[[ Supplied entries open ]]
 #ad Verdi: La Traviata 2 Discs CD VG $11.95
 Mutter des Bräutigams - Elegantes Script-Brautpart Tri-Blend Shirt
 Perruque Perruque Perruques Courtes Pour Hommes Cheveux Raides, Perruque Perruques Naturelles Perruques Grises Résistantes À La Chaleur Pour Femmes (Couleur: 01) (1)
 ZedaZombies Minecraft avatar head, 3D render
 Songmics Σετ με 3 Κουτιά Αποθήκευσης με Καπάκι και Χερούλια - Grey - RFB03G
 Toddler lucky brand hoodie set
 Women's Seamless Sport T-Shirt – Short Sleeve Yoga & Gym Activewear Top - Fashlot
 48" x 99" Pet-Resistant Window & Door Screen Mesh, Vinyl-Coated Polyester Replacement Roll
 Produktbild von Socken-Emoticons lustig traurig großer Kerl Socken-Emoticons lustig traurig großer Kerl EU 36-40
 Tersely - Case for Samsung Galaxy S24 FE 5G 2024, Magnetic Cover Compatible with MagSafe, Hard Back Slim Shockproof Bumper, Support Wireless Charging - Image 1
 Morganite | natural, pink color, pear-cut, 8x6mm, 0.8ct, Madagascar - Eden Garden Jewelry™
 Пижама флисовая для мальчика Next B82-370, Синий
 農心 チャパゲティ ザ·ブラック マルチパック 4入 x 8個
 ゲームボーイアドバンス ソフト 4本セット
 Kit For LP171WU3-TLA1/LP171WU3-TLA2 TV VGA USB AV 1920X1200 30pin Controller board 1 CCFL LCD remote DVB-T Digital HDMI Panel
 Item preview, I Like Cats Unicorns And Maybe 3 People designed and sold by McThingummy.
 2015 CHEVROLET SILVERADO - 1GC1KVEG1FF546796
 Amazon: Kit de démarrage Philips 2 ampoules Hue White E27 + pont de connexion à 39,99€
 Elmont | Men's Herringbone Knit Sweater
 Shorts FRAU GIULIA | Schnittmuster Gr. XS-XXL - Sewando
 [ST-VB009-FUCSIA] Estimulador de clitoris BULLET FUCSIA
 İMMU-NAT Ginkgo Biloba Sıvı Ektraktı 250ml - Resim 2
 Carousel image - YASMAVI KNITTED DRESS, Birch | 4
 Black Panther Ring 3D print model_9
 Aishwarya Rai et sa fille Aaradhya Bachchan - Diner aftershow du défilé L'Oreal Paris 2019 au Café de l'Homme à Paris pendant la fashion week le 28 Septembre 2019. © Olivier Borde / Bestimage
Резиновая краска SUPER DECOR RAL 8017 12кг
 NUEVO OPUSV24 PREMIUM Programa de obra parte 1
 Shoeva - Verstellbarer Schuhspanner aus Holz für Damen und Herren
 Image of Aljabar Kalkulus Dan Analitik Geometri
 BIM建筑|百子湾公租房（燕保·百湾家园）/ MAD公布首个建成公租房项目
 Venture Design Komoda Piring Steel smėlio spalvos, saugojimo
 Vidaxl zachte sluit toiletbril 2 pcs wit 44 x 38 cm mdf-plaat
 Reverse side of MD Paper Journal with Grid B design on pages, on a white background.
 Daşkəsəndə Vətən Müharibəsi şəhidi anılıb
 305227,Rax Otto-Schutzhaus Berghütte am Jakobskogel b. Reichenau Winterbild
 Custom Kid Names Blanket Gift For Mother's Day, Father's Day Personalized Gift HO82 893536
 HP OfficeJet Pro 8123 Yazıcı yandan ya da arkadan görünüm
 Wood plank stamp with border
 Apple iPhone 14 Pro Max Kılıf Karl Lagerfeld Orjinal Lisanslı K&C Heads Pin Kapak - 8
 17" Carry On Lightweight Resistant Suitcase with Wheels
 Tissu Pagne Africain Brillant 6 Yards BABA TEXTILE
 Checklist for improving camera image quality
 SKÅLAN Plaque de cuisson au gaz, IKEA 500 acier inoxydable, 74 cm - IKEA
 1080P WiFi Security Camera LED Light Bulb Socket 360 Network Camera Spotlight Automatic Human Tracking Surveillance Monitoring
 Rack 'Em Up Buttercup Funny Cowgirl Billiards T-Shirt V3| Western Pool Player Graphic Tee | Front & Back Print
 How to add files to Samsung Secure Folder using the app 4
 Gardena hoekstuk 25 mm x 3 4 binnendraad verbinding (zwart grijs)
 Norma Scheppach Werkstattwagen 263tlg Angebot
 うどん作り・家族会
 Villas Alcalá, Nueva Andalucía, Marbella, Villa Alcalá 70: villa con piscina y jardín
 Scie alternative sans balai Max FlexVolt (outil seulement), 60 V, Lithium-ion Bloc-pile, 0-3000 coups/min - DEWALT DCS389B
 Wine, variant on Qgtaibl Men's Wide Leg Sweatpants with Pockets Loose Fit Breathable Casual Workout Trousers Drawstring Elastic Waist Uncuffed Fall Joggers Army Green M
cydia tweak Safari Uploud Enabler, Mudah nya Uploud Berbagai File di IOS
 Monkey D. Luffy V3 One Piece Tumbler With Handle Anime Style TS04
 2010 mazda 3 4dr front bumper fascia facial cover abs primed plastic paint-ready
[[ Supplied entries closed ]]
Line count for "Shirt": count the lines in the records above that contain this word, and write only the number.

■ Result ■
3